US 12,463,876 B2
Utilizing monitoring service exploration to improve service incident mitigation and localization
Myriam Titon, Jerusalem (IL); Adir Hudayfi, Eilat (IL); and Zakie Mashiah, Qiryat Ono (IL)
Assigned to Microsoft Technology Licensing, LLC, Redmond, WA (US)
Filed by Microsoft Technology Licensing, LLC, Redmond, WA (US)
Filed on Feb. 14, 2023, as Appl. No. 18/169,009.
Prior Publication US 2024/0275699 A1, Aug. 15, 2024
Int. Cl. H04L 41/5074 (2022.01); G06F 16/35 (2019.01); H04L 41/069 (2022.01)

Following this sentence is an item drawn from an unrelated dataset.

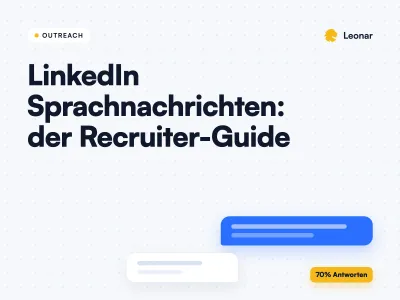 Leonar Desktop-Inbox nimmt eine LinkedIn Sprachnachricht für einen Kandidaten auf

CPC H04L 41/5074 (2013.01) [G06F 16/35 (2019.01); H04L 41/069 (2013.01)] 17 Claims
OG exemplary drawing
 
1. A computer-implemented method for mitigating an outage on a cloud computing system, comprising:
identifying an outage ticket for an outage that corresponds to a user-impacting incident within the cloud computing system;
grouping a set of monitoring incident tickets by monitoring service identifiers, the set of monitoring incident tickets occurring within a target time window of the outage ticket;
determining an initial group service incident score for a plurality of monitoring incident tickets within a given monitoring service identifier group associated with a given monitoring service identifier, the initial group service incident score being based on elapsed times between each of the plurality of monitoring incident tickets and corresponding consecutive monitoring incident tickets of the given monitoring service identifier, wherein each monitoring incident ticket of the plurality of monitoring incident tickets shares the initial group service incident score;
for each monitoring incident ticket of the plurality of monitoring incident tickets, generating a service incident score for the given monitoring incident ticket by weighting the initial group service incident score of the given monitoring incident ticket based on a set of monitoring service factors;
generating a ranked list of relevant monitoring incident tickets based on the service incident scores of the plurality of monitoring incident tickets;
generating tokenized text from the outage ticket and from monitoring incident tickets from the ranked list of relevant monitoring incident tickets;
correlating the tokenized text from the outage ticket and from the monitoring incident tickets from the ranked list of relevant monitoring incident tickets with text or metadata of a set of relevant mitigation teams to generate a list of corresponding relevant mitigation teams for the outage ticket;
ranking the corresponding relevant mitigation teams in the list of corresponding relevant mitigation teams based on correlation strengths; and
providing the outage ticket and one or more monitoring incident tickets on the ranked list of relevant monitoring incident tickets to a top-ranked mitigation team from the list of corresponding relevant mitigation teams, wherein the top-ranked mitigation team uses information from the outage ticket and the one or more monitoring incident tickets on the ranked list of relevant monitoring incident tickets to identify and resolve the outage.